Published: July 23, 2024

by Xuan Wang, Arpan Ghosh and Navneet Kapur

As the Data Platform team at Databricks, we leverage our own platform to provide an intuitive, composable, and comprehensive Data and AI platform to internal data practitioners so that they can safely analyze usage and improve our product and business operations. As our company matures, we are especially motivated to establish data governance to enable secure, compliant and cost-effective data operations. With thousands of employees and hundreds of teams analyzing data, we have to frame and implement consistent standards to achieve data governance at scale and continued compliance. We identified Unity Catalog (UC), generally available as of August 2022, as the foundation for establishing standard governance practices and thus migrating 100% of our internal lakehouse to Unity Catalog became a top company priority.

Why migrate to Unity Catalog to achieve Data Governance?

Data migrations are HARD - and expensive. So we asked ourselves: Can we achieve our governance goals without migrating all the data to Unity Catalog?
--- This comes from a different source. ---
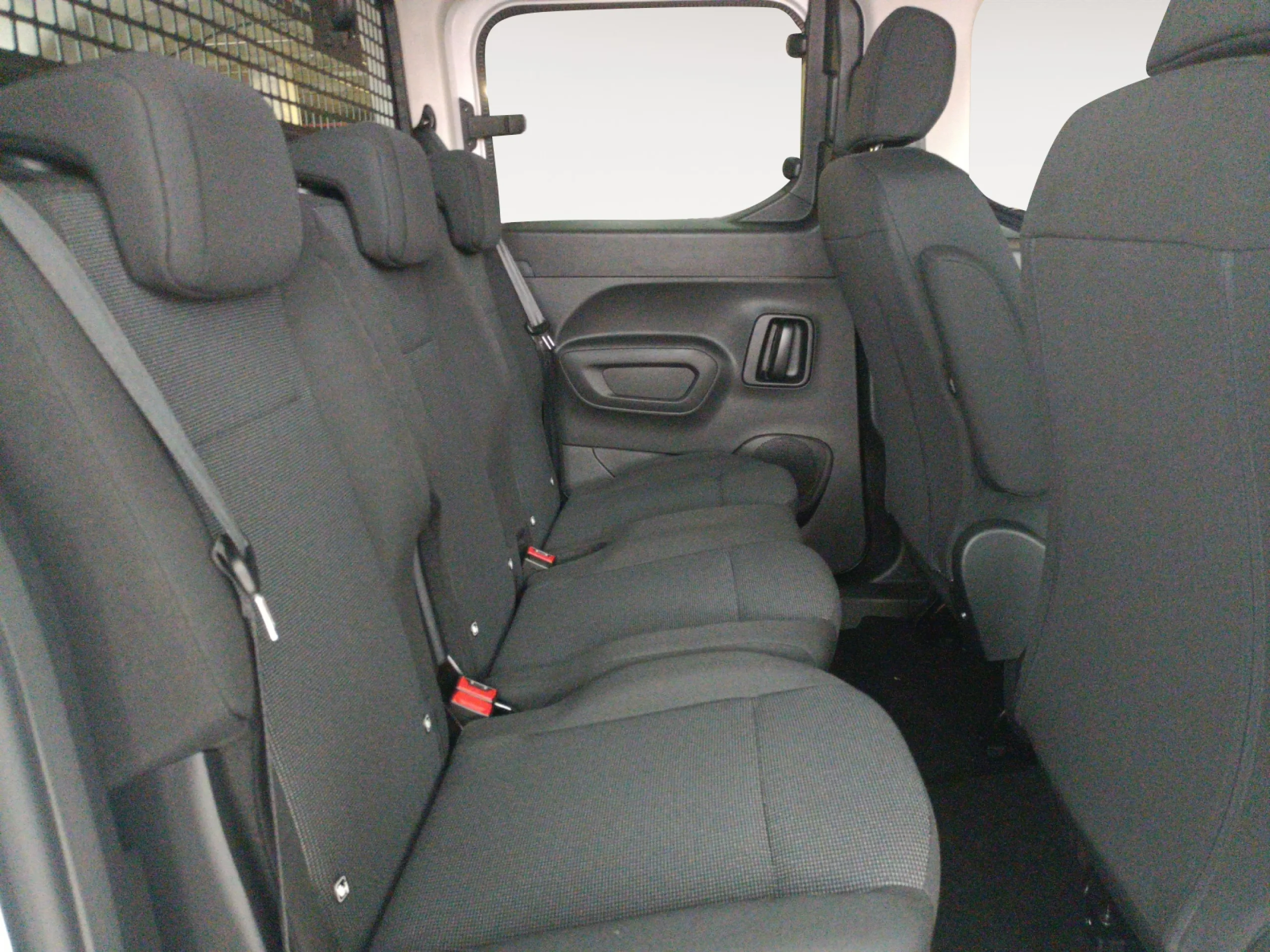 CITROEN BERLINGO VAN DOBLE CABINA XL DIÉSEL 100CV MANUAL - Foto 6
We had been using the default Hive Metastore (HMS) in Databricks to manage all of our tables. Building our own data governance features from scratch on top of HMS would be a wasteful endeavor, setting us back multiple quarters. Unity Catalog, on the other hand, provided tremendous value out of the box:

Any data on HMS was readable by anybody. UC securely supports fine-grained access.
HMS does not provide lineage or audit logs. Lineage support is crucial to understanding data flows and empowering effective data lifecycle management. In combination with audit logs, this provides observability about data changes and propagation.
With better integration with the in-product search feature, UC enables a better experience for users to annotate and discover high-quality data.
Delta Sharing, query federation and catalog binding provide effective options to create cross-region data meshes without creating security or compliance risks.
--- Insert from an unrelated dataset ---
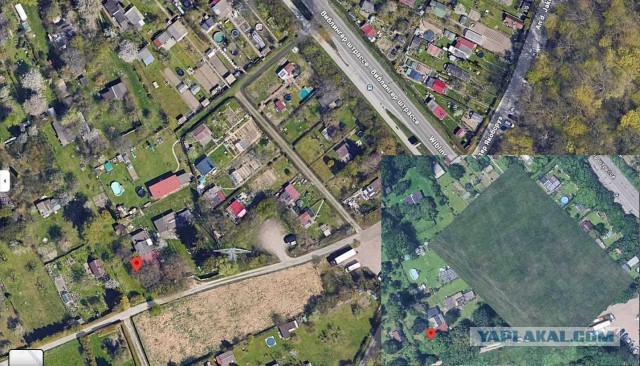 На виртуальной карте появился загадочный куб, парящий над городом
Unity Catalog migration starts with a governance strategy

At a high level, we could go down one of two paths:

Lift-and-shift: Copy all the schemas and tables as is from legacy HMS to a UC catalog while giving everybody read access to all data. This path is low level of effort in the short term. However, we risk bringing along outdated datasets and incoherent/bad practices motivated by HMS or organic growth. The probability of needing multiple large subsequent migrations to clean in place would be high.
Transformational: Selectively migrate datasets while establishing a core structure for data organization in Unity Catalog. While this path requires more effort in the short term, it provides a vital course-correction opportunity. Subsequent rounds of incremental (smaller) clean-up may be necessary.

We chose the latter. It allowed us to lay the groundwork to introduce future governance policy while providing the requisite skeleton to build around. We built infrastructure to enable paved paths that ensured clear data ownership, naming conventions and intentional access, as opposed to opening access to all employees by default.

One such example is the catalog organization strategy we chose upfront:

Catalog	Purpose	Governance
Users	Individual user spaces (schemas)	Private by default 30-day retention Auto-provisioned when you join the company
Team	Collaborative spaces for users who work together	Private by default Enables birthright access Integrates with other team systems
Integration	Space for specific integration projects across teams	Private by default "One-click" workflow to temporarily broaden access to stakeholders. Self-cleaned based on (lack of) usage
Main	Production environment.	Data requires explicit "promotion" after meeting quality standards Private by default but broad access is permitted

Challenges

Our internal data lake had become more of a "data swamp" over time, due to the previously highlighted lack of lineage and access controls in HMS. We did not have answers to 3 basic questions critical to any migration:

Who owns table foo?
Are all the tables upstream of foo already migrated to the new location?
Who are all the downstream customers of table foo that need to be updated?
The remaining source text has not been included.